Un libro che nasce itinerante, nel mentre che l’autrice, Alessandra Morelli, dopo trent’anni di Unhcr, gira per l’Italia per raccontare come si costruisce un mondo inclusivo a partire da un’economia che mette al centro la cura. Che non è altro che la consapevolezza che nessuna persona si salva da sola, che siamo tutte e tutti interconnessi. E che è proprio la cura l’elemento essenziale, capace di nutrire il cambiamento, che passa attraverso gesti e parole di prossimità, di vicinanza.
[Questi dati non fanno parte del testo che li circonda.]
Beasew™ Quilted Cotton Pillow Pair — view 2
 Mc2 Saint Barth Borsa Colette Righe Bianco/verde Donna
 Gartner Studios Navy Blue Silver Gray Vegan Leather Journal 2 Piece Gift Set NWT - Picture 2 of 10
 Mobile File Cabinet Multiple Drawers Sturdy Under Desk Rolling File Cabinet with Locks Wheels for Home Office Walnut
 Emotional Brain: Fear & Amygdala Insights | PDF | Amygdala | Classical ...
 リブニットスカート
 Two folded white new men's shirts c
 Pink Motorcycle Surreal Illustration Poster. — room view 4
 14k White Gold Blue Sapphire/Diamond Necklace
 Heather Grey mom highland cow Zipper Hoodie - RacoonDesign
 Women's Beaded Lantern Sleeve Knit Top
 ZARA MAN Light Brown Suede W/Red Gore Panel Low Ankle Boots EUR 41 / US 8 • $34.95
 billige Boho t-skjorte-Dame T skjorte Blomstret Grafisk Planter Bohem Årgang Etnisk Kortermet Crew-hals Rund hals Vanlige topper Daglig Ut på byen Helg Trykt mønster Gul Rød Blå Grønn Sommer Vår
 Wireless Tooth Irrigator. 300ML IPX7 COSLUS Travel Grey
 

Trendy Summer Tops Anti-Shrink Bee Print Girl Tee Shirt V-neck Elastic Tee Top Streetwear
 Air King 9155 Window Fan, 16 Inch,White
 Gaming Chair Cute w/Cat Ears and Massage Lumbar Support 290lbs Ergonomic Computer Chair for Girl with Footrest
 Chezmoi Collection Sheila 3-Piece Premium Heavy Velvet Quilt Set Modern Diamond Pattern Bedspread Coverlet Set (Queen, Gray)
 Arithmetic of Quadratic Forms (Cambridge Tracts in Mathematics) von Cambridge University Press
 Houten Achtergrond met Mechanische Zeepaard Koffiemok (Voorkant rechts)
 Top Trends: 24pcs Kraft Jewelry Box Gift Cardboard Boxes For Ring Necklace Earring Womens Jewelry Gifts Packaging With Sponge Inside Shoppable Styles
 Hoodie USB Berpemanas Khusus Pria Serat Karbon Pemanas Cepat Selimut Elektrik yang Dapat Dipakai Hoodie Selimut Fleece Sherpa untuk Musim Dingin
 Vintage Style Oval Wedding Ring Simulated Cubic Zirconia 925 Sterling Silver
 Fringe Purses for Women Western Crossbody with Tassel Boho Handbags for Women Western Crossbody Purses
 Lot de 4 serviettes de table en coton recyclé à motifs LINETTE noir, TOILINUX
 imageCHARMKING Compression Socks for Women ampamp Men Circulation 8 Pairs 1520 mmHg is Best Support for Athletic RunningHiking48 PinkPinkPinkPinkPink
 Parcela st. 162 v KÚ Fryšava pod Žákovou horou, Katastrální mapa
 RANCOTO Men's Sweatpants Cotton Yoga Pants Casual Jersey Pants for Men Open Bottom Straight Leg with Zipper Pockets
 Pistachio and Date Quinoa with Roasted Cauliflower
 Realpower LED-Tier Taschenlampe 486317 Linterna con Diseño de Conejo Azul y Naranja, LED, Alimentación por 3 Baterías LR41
Perché cura è stare, ha a che fare con la residenza, cioè con quella casa accogliente che possono essere le persone, quel porto dove sai che troverai conforto, riparo, dove ti sentirai per l’appunto a casa. Un libro che va contro la corrente dell’individualismo imperante di questo tempo, che mette al centro le reti relazionali, l’ubuntu africano: io sono perché noi siamo.
Morelli sottolinea come «nel “dizionario dell’egoismo” la parola “cura” è voce muta, morta». Voce muta di un sistema economico capitalistico che si fonda sulla competizione e sullo sfruttamento, che genera diseguaglianze, ingiustizie, marginalizzazione, sminuendo il prossimo che viene schiavizzato, in nome di un egoismo che guarda sempre e solo a sé stesso, al suo esclusivo benessere, possibile solo a discapito della vita della maggior parte.
Partendo da un’esperienza trentennale di luoghi di conflitto, Morelli delinea una via che si può percorrere solo a patto che l’essere umano sia la prima declinazione dell’”umanizzante”.